AA/Tunis/ Yosra Ouanes
Le vice-ministre iranien des Affaires étrangères Morteza Sarmadi a déclaré que «l'accord avec les grandes puissances n’affecte pas le programme nucléaire pacifique de l’Iran».
Le responsable a affirmé, lors d'une conférence de presse tenue lundi matin à la résidence de l'ambassadeur d'Iran à Tunis: «Nous avons accepté certaines limitations qui n’affectent pas l’évolution normale du programme, et nous avons supprimé certains aspects susceptibles de provoquer une préoccupation légitime de la communauté internationale».
Sarmadi a ajouté : «Nous avons cessé d'enrichir de l'uranium à 20% parce que nous n’en avons pas besoin actuellement ».
Le vice-ministre iranien des Affaires étrangères a affirmé dans ce contexte: «L’Iran dispose d’un programme industriel nucléaire, pacifique dans toutes ses dimensions, sans aucune aide étrangère». Evoquant le déroulement de «négociations sur les détails de l’accord jusqu’à fin juin», Morteza a affirmé qu' «en cas d’accord, le Conseil de sécurité émettra une résolution levant toutes les sanctions contre l'Iran».
Des responsables occidentaux ont annoncé le 2 avril, qu’un accord-cadre a été conclu avec Téhéran, prévoyant la levée des sanctions imposées à l’Iran, contre la réduction de plus de 2/3 de l’enrichissement de l’uranium iranien et son contrôle durant une période de 10 ans.
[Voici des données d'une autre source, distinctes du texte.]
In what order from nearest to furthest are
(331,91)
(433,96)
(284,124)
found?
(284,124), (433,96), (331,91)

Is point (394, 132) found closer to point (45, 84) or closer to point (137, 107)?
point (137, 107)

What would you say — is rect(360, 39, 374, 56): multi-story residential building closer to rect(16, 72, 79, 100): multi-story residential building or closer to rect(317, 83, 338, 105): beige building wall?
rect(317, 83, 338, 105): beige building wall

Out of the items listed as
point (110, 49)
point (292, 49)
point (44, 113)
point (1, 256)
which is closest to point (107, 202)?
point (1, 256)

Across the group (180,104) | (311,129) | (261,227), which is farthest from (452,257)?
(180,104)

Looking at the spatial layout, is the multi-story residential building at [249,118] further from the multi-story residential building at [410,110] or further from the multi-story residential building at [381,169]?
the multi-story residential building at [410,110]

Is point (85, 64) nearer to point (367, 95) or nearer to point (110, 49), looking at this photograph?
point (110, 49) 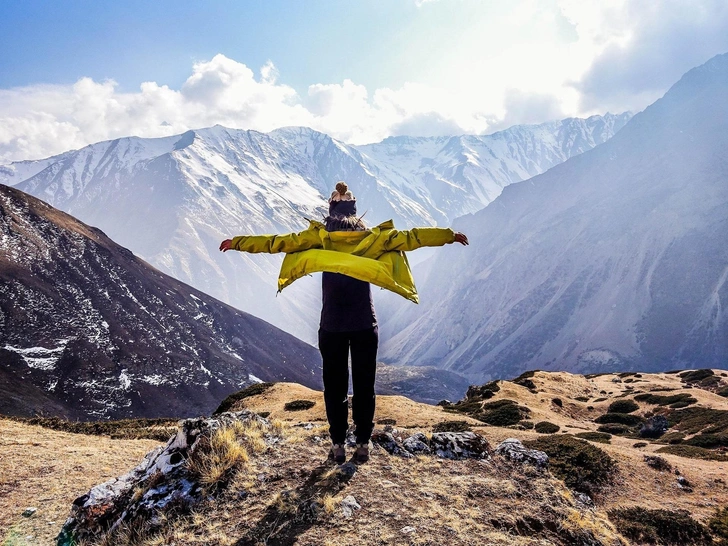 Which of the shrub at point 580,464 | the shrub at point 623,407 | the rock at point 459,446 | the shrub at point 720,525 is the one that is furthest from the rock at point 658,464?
the shrub at point 623,407

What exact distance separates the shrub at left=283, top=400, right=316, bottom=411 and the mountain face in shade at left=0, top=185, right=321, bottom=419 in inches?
2570

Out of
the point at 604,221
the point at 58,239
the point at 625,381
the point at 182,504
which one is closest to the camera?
the point at 182,504

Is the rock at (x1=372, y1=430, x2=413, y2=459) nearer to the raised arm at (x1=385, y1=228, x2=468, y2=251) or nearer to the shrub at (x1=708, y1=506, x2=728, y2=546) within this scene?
the raised arm at (x1=385, y1=228, x2=468, y2=251)

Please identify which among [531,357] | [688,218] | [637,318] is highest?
[688,218]

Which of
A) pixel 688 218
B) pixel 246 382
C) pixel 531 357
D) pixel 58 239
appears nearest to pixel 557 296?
pixel 531 357

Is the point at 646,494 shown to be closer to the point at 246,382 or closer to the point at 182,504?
the point at 182,504

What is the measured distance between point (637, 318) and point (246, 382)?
12914 centimetres

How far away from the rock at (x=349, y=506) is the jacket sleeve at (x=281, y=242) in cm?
394

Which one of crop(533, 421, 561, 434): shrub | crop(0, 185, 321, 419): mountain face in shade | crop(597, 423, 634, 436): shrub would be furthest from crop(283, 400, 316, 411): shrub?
crop(0, 185, 321, 419): mountain face in shade

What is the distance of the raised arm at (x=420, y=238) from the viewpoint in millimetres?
6719

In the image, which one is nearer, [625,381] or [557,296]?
[625,381]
Cet accord est préalable à un accord final qui devra être conclu avant le 30 juin prochain entre l'Iran et le groupe des 5 + 1, qui comprend les États-Unis, la Russie, la Chine, la Grande-Bretagne et la France, en plus de l'Allemagne.
En ce qui concerne le dossier du Yémen, Sarmadi a affirmé que sa visite en Tunisie a notamment pour objectif l’examen de cette question. Il a affirmé à cet égard :
«L'Iran soutient l'établissement d'un dialogue parrainé par un pays neutre comme le Sultanat d'Oman», soulignant «qu’aucune partie, au Yémen ne peut réussir en gouvernant seule».
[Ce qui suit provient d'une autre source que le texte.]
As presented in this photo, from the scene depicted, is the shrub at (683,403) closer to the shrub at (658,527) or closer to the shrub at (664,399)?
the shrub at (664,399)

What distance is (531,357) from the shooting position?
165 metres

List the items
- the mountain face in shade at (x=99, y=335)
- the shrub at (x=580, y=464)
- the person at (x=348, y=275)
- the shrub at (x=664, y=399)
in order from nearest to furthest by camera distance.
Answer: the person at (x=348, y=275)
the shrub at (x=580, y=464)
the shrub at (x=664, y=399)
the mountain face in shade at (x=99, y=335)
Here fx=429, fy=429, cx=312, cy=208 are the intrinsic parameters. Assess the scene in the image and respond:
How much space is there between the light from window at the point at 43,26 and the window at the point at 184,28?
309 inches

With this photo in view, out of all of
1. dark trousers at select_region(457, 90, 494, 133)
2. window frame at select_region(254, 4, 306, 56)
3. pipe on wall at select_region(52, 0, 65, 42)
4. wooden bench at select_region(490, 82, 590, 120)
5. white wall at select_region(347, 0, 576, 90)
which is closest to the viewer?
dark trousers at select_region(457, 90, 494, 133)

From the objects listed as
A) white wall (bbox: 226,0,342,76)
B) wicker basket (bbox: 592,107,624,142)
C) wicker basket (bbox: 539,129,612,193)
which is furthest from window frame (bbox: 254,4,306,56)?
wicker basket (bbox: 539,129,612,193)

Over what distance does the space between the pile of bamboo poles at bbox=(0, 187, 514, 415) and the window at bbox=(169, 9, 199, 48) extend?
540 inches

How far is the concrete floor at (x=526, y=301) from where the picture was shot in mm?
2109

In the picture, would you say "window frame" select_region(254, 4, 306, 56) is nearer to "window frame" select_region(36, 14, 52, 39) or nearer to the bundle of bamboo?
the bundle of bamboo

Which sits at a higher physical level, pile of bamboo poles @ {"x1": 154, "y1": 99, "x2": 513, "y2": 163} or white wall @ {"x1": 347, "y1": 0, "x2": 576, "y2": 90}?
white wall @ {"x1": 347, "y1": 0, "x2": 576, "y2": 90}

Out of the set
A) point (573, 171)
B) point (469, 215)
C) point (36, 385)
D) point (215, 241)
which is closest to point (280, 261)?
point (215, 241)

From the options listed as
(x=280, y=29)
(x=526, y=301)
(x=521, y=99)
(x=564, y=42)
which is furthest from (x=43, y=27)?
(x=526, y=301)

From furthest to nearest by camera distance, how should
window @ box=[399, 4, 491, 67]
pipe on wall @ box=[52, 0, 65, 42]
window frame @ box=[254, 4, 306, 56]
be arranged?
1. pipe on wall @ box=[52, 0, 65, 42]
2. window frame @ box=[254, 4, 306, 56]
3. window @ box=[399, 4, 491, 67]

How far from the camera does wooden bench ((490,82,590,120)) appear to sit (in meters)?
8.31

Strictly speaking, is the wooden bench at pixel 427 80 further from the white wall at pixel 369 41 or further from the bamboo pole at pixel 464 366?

Il a précisé que «le succès ne peut être atteint qu'avec la participation de toutes les parties politiques, mais sans les groupes extrémistes et terroristes».
Le vice-ministre iranien des Affaires étrangères a également réitéré «la condamnation de l’Iran de cette erreur stratégique et de cette attaque injustifiée sur le Yémen».
«On ne peut justifier cette attaque pour ramener un Président de la République qui s’est enfui de son pays et détruire un Etat et son infrastructure».
Morteza Sarmadi a appelé les pays de la coalition à cesser «ces attaques» et à autoriser l'acheminement de l'aide humanitaire aux victimes.
Depuis le 26 mars dernier, l’aviation de la coalition menée par l’Arabie Saoudite continue de bombarder des positions houthies au Yémen dans le cadre de l’opération "Tempête de fermeté", lancée à la demande du président Abdrabbo Mansour Hadi. Celui-ci a appelé à intervenir militairement pour "protéger le Yémen et son peuple de l’agression des milices Houthies".
La coalition est composée de cinq pays du Golfe: Arabie Saoudite, Bahreïn, Qatar, Koweït et Emirats Arabes Unis ainsi que du Maroc, du Soudan, de la Jordanie et de l’Egypte. Les Etats-Unis d'Amérique avaient annoncé qu’ils assuraient une aide logistique et de renseignement.